I don’t know if I can put into words the way this memoir affected me. I write this review with small tears rolling towards the edges of my face. Suki Kim is not just a remarkable writer, journalist, and teacher; she’s a remarkable person.
I’m still not sure if she was aware of what her true purpose was when she set out to the DPRK. Her decision to live in a state of informational isolation and teach the country’s most promising young men was an astounding leap of faith for such a bright Korean-American woman. Regardless of what brought her to it, I believe that this decision did impact the lives of many North Koreans. Not just the ones she educated, but everyone who comprises this odd country’s civic population.

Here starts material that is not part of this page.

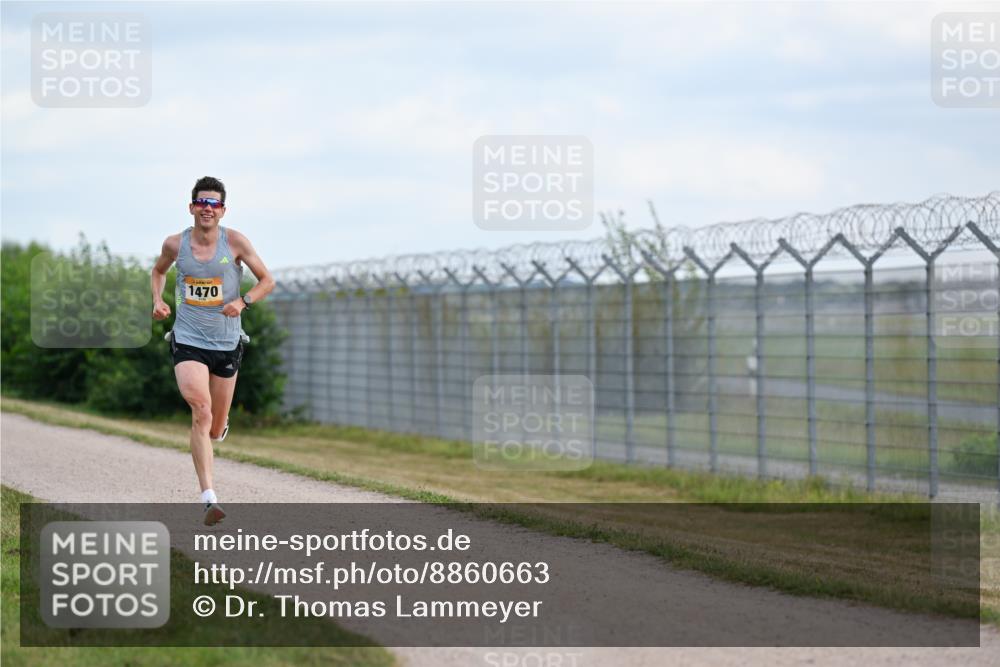 14.09.2025 - Airport Race Dr. Thomas Lammeyer http://msf.ph/oto/8860663 14.09.2025 11:45:55 Laufen 1470 meine-sportfotos.de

I can guarantee you, no story like hers has ever been told. (Mostly because so few people outside the DPRK ever see the land themselves.) Even sitting on a large, comfy couch in south Denver, having traveled to four continents, having lived in three very different nations, having traversed a few dozen countries, I know I will never be welcomed to North Korea – nor do I have any desire for such a thing. Kim’s experiences have simultaneously confirmed and enlightened my perspective of this unfathomably complex state.
Without You, There Is No Us is much more than a memoir about a woman who left modern civilization behind to pursue a greater purpose. It is an anthology about the lives of thousands of normal people forced to live in abnormal circumstances. It is a story about human nature and our innermost desires, thoughts, and feelings. It is about what makes us human beings and what inspires us to better the world we live in – even if the betterment means bringing danger upon ourselves. It’s about courage, hope, and the deepest level of compassion.
This memoir has set a new standard of writing for me – particularly, as far as memoirs go. The content of every piece of literature should touch your heart and mind in the way that this one assuredly will.